Pergunto por que ele acha que sua música, fruto dessa curiosidade que vem da criança pelas palavras, pelos acontecimentos e pelo entorno, sempre foi tão bem recebida nos meios universitários. Afinal, a homenagem do IEB é só o capítulo mais recente de uma relação antiga.

“Isso tem razão de ser porque a vida universitária é uma fase em que o interesse pelo envolvente é muito maior do que o interesse pelo contemplativo”, argumenta Tom Zé. “A vida que envolve a pessoa, as opiniões que circulam, os livros mais lidos, tudo isso tem uma certa presença no ambiente universitário com muito mais força do que depois. Essa é a resposta. Porque estou sempre procurando, eternamente, a coisa do dia. Todas as músicas são um convite para levar em consideração o que você está vendo e o que não está.”

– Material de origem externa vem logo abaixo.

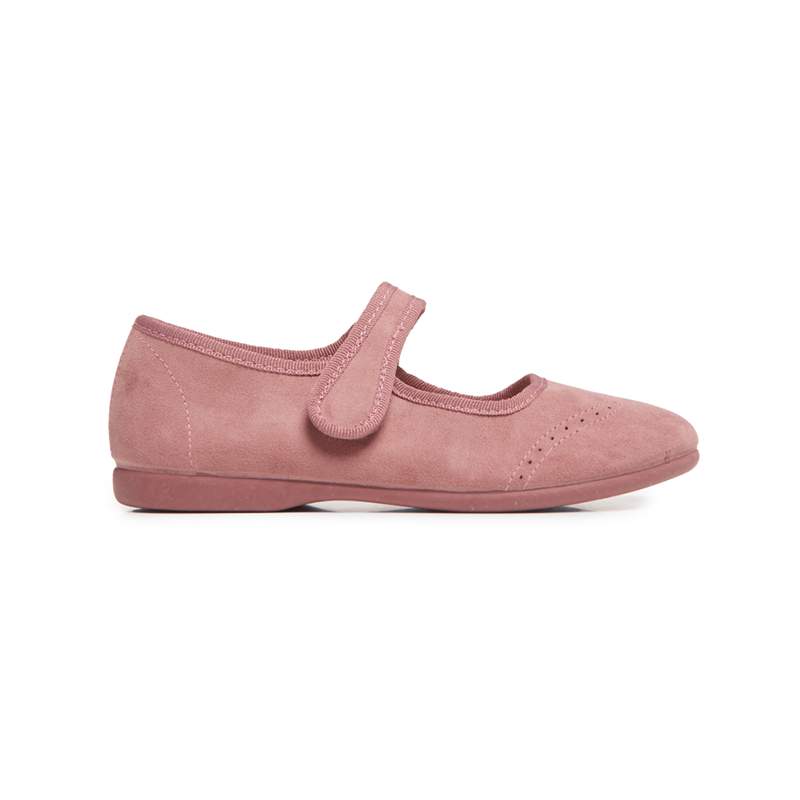  Childrenchic Suede Spectator Mary Janes in Pink - Blush - Bonton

Tom Zé entende que minhas perguntas querem, mais do que encontrar suas opiniões, iluminar um pouco do artista capaz de fascinar gerações com um trabalho sempre inovador, em movimento, provocativo. De onde vem esse manancial de energia criativa? Antes de nos despedirmos, ele volta a falar da venda do pai, em Irará. Lembra que a loja atendia as pessoas da pobreza, da miséria e da fome. Mas também de uma visão única de mundo.

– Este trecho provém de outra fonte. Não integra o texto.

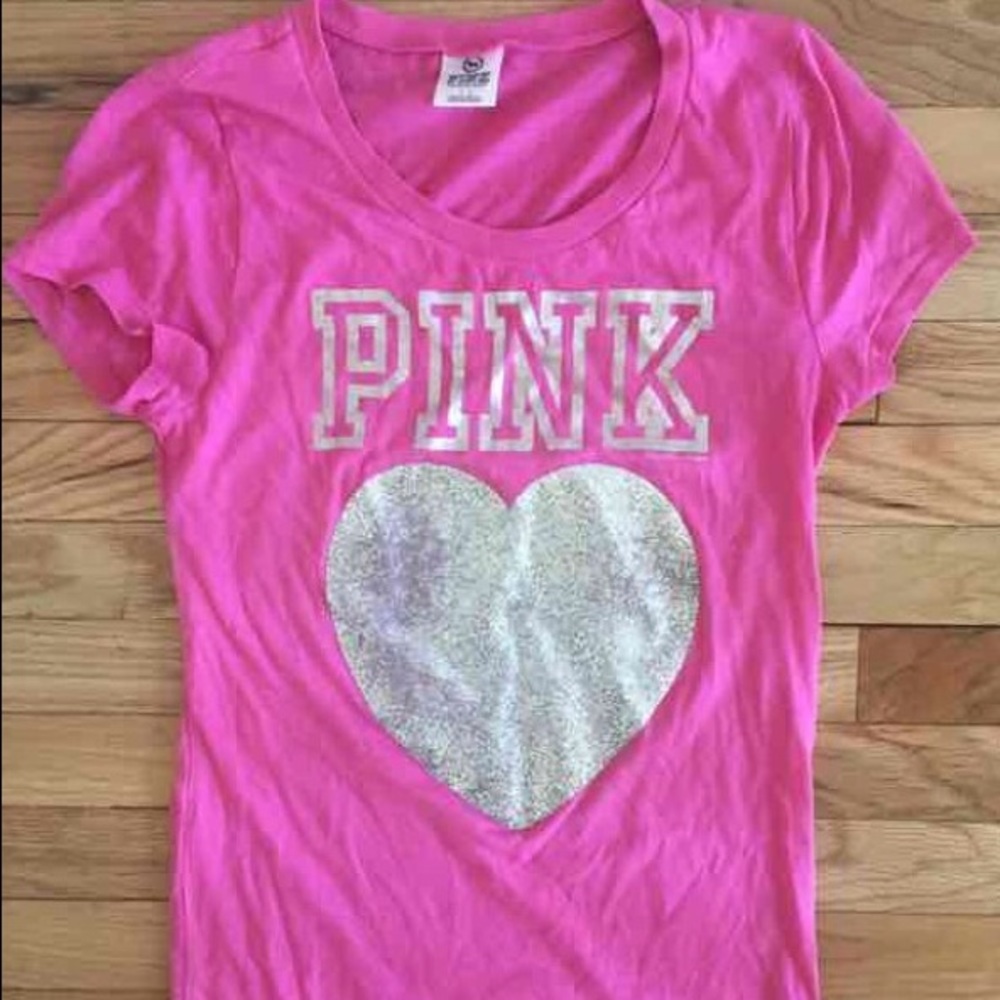 VS Pink Soft Sparkle Tee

“Tem um caso que ilustra como era a cabeça daquele povo”, começa Tom Zé. “Tem um cupim que vai buscar o alimento muito longe do lugar em que mora. Quando ele volta, se no caminho tiver caído um galho, ele não faz a volta. Fica batendo a cabeça. E lá o silêncio é tão grande que as pessoas acabam ouvindo. E esse cupim passou a ter o nome de cupim bate-estaca, porque não fazia uma voltinha para ir ao lugar onde morava. Então, no balcão da loja, a educação ia se amontoando com esses tipos de coisa, que depois acabavam sendo uma maneira de raciocinar. É uma coisa que me ajudou muito.”

E como que para apaziguar o olhar ansioso do jornalista em busca de compreensão: “Quando eu cantar a gente vai se entender melhor”, finaliza, confiante no quanto suas canções falam por si mesmas.